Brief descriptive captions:
-=-=-
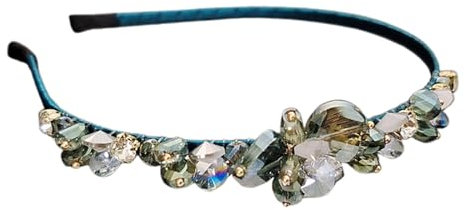 Trachten Haarreif Dirndl Damen Haarreifen Elegant Kinder Haarband Mädchen Geflochten Drahthaarband Haarschmuck Schmuck Haaraccessoires Breit Samt Geflochtenes Perlen Mittelalter Accessoires Minzgrün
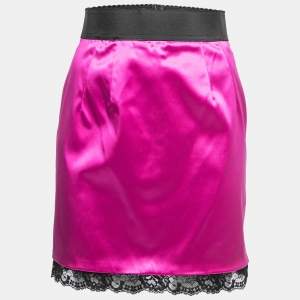 Pre Owned Dolce & Gabbana Magenta Pink Stretch Satin Lace Trim Mini Skirt S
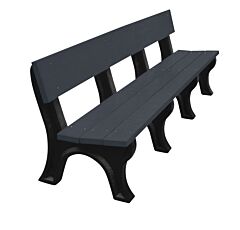 Vestil Ben-Plmb-96-Bkch Recycled Plastic Landmark Backed Bench 96", Black Legs And Charcoal Seat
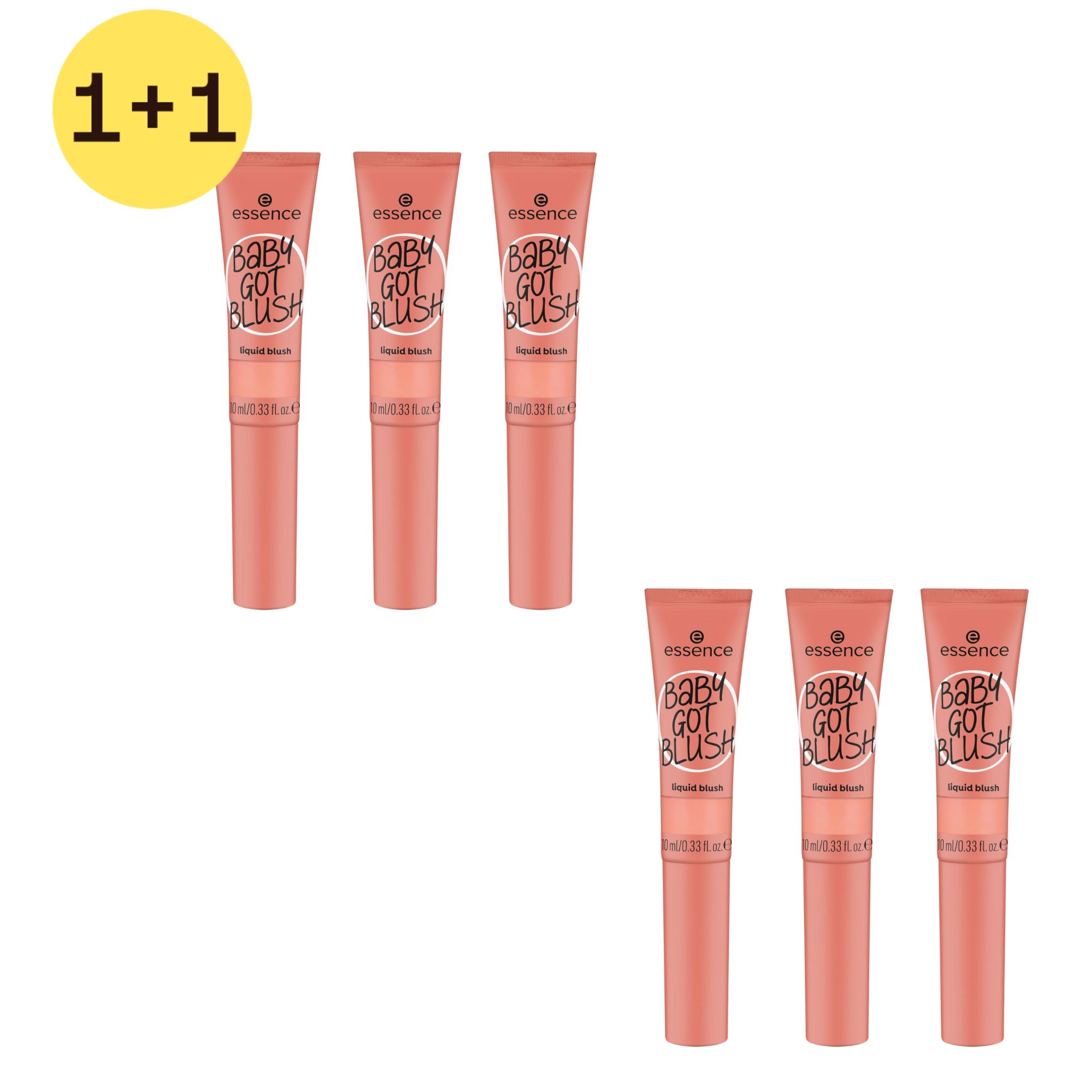 Mehrere rosa Tubes mit weißem Applikator. Aufschrift: Essence BABY GOT BLUSH liquid blush. Gelber Aufkleber: 1+1.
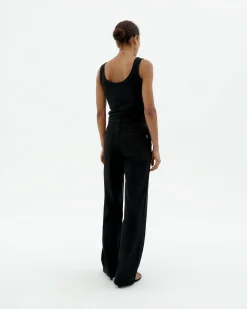 Schwarze hohe Taille Hose Theresa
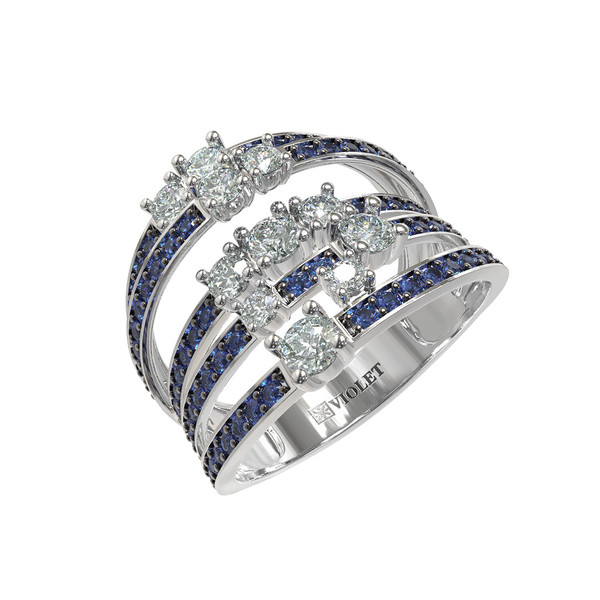 Кольцо из белого золота 585 пробы c бриллиантами и сапфиром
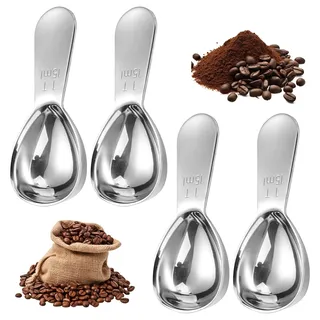 Sxutop 4 Stück Edelstahl Kaffeelöffel Portionierer Kaffeeportionierer aus Rostfreiem Edelstahl Kaffee Messlöffel Kurzer Griff Esslöffel Messlöffel Passend für Kaffee Losen Tee Zucker oder Mehl(15 ml)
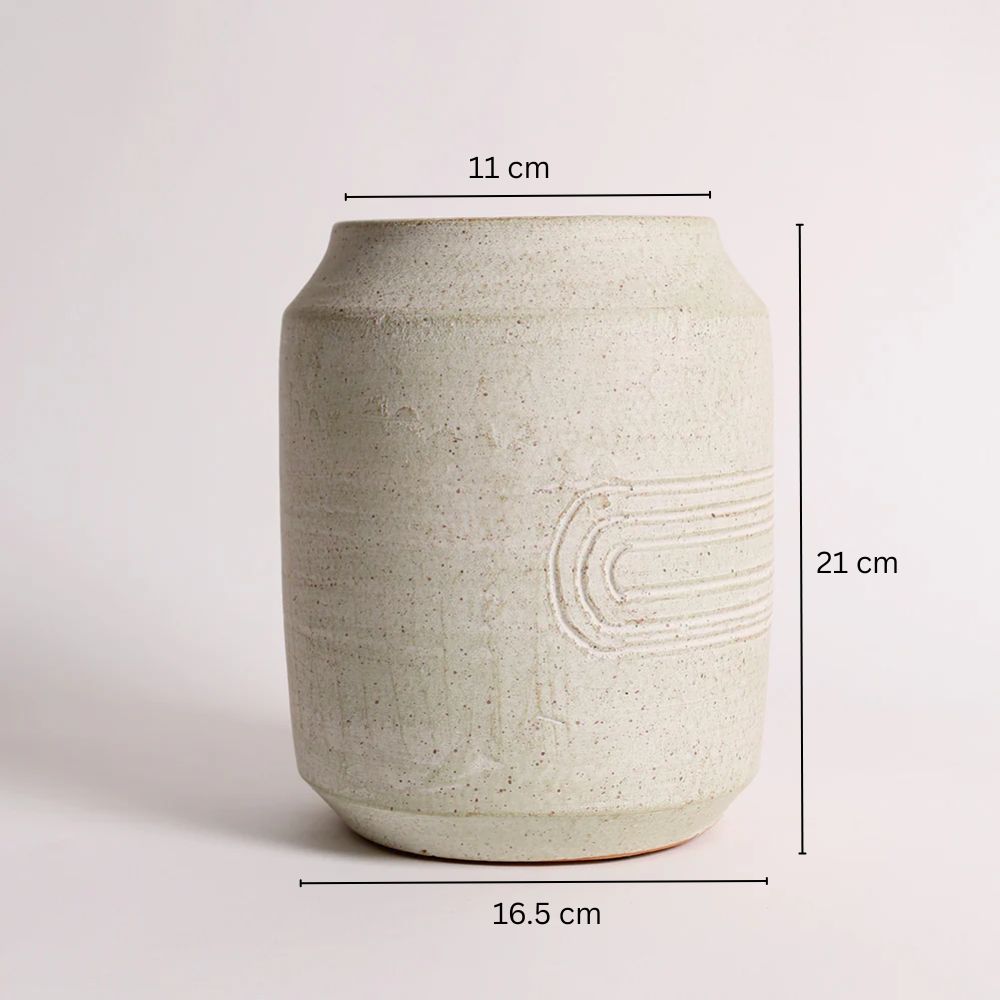 Cana Terracotta Vase Medium - Speckled Sage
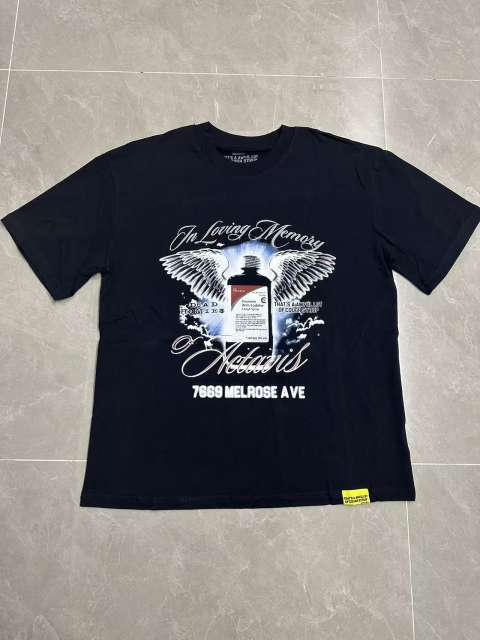 Cough Syrup Tribute Memorial Cursive Script Angel Wing Bottle Graphic Back Blue Block Letter Overlay Graffiti Tee 29303858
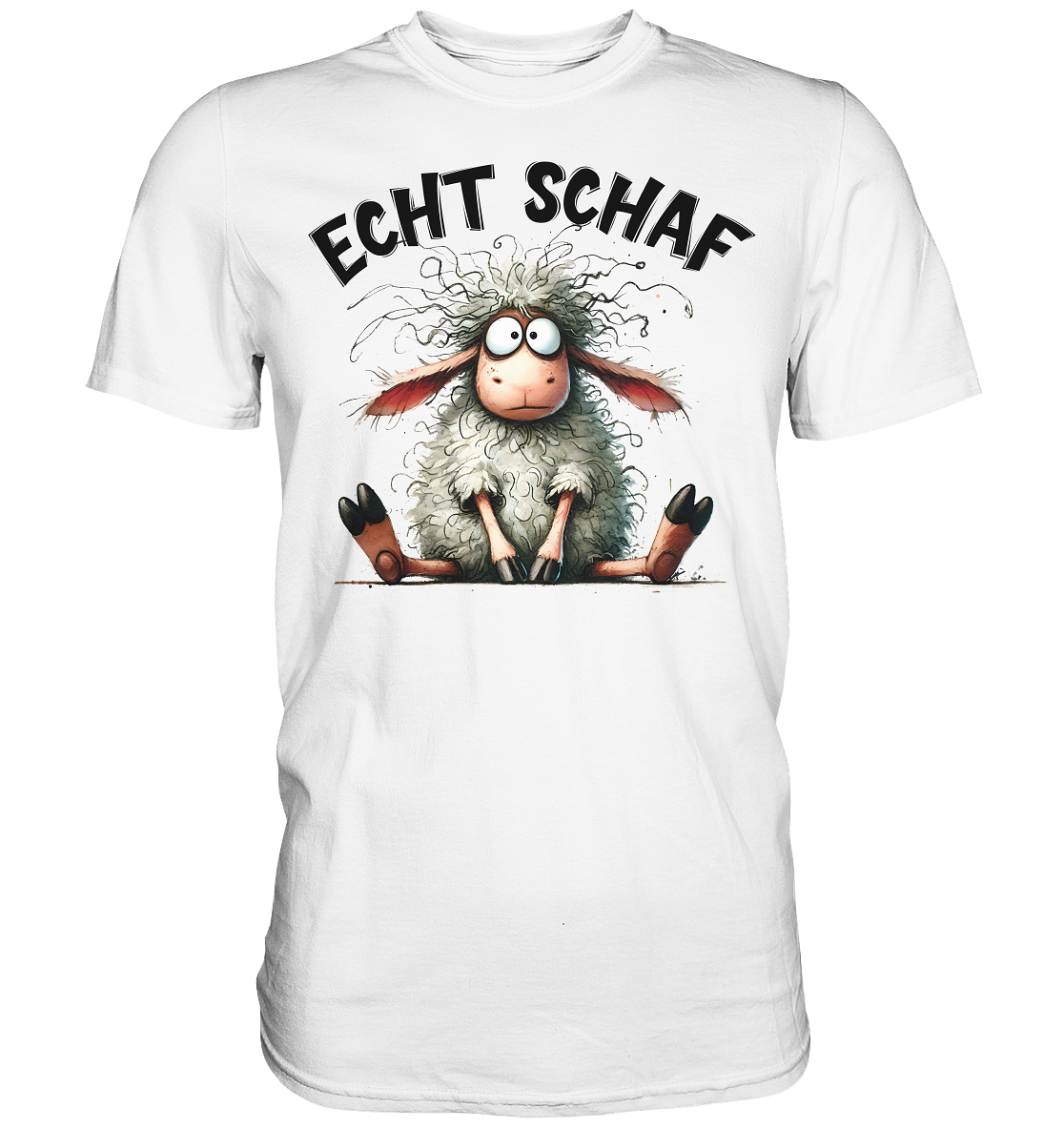 Weißes T-Shirt mit witzigem Schaf-Motiv und Wortspiel ‚Echt Schaf‘ , Vorderansicht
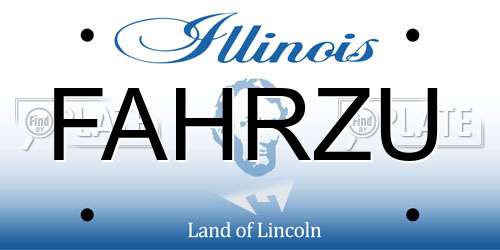 FAHRZU Illinois License Plate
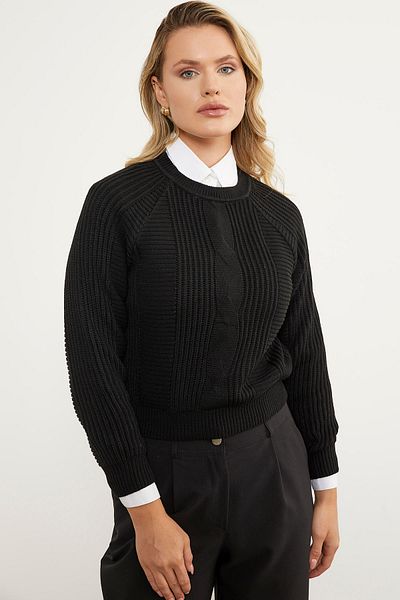 Sementa Pulover Tricotat Detaliat - Negru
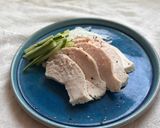 鶏ハムの残り汁で中華たまごスープ作り方1写真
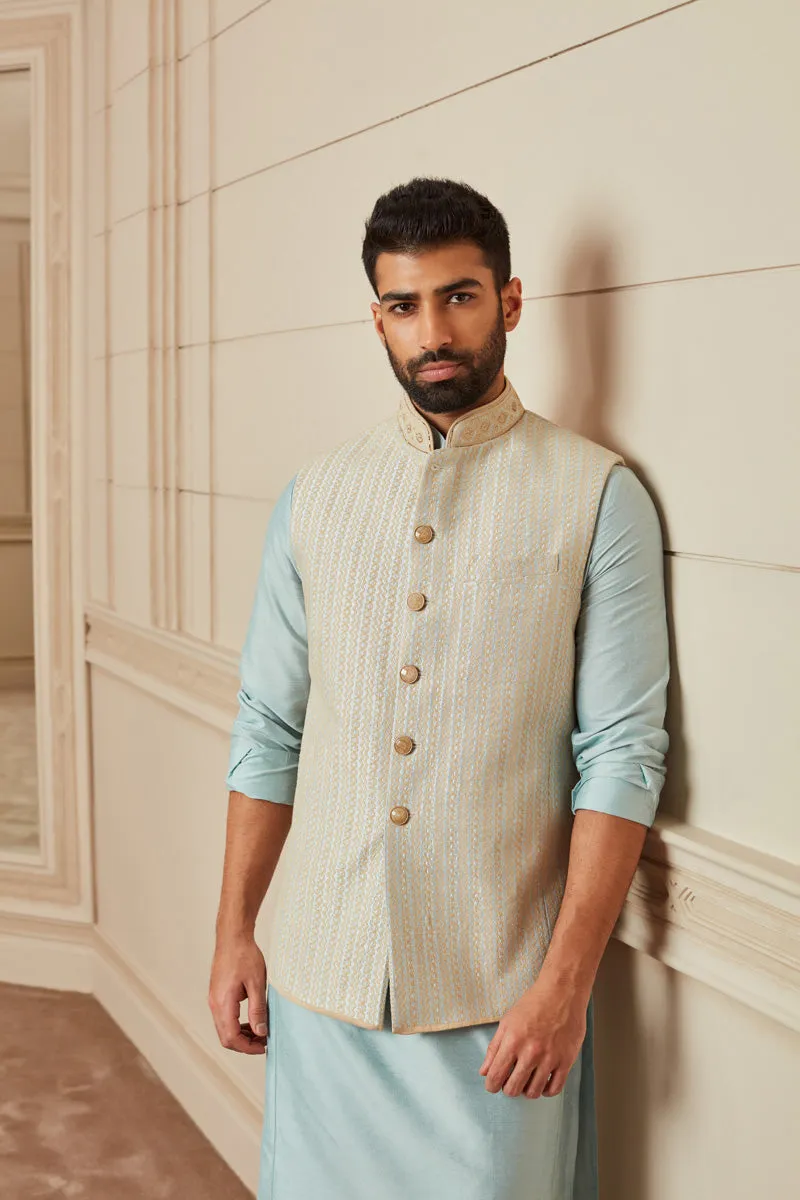 Blue Thread Embroidered Silk Kurta Bundi Set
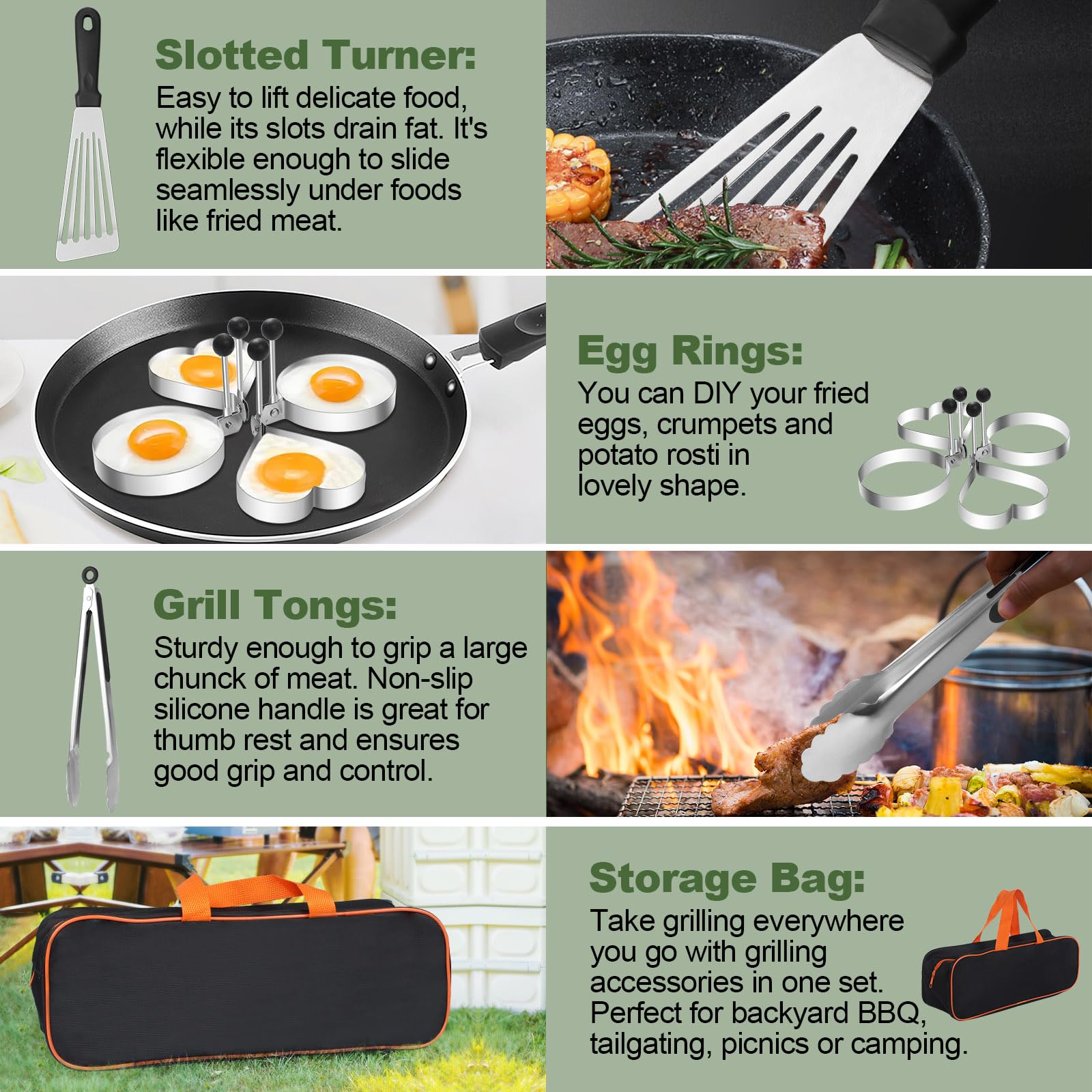 Compact storage bag for EWFEN griddle accessories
-=-=-
INSTRUCTIONS TO FOLLOW -
Repeat each line word for word, from the one with "Sementa Pulover Tricotat Detaliat - Negru" down to the last line of the data, and keep the pictures out of it.

SOLUTION BELOW -
 Sementa Pulover Tricotat Detaliat - Negru
 鶏ハムの残り汁で中華たまごスープ作り方1写真
 Blue Thread Embroidered Silk Kurta Bundi Set
 Compact storage bag for EWFEN griddle accessories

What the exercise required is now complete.